Task material =>
***

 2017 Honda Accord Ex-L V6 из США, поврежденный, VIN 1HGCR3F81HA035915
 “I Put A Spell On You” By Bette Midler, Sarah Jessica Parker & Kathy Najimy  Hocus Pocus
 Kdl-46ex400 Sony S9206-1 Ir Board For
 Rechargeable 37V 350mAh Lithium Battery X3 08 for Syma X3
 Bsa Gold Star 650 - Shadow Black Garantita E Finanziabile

***

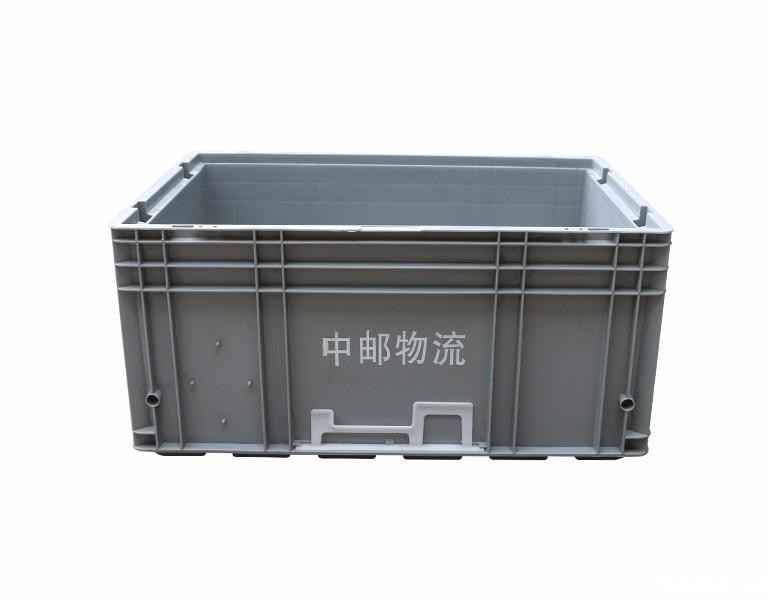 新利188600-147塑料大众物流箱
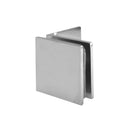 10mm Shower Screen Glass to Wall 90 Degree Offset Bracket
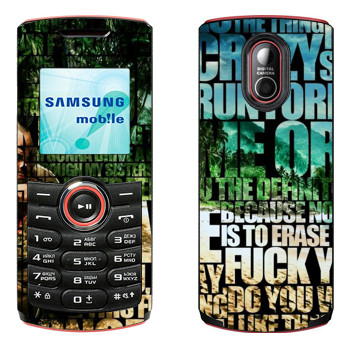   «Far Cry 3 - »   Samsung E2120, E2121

***

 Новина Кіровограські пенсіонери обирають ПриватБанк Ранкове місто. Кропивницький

***

Description of the task => Within the listing above, extract exactly the lines from the line with "Put A Spell" to the line with "Bsa Gold Star", the two named lines included, and no others.

Reply to the task =>
 “I Put A Spell On You” By Bette Midler, Sarah Jessica Parker & Kathy Najimy  Hocus Pocus
 Kdl-46ex400 Sony S9206-1 Ir Board For
 Rechargeable 37V 350mAh Lithium Battery X3 08 for Syma X3
 Bsa Gold Star 650 - Shadow Black Garantita E Finanziabile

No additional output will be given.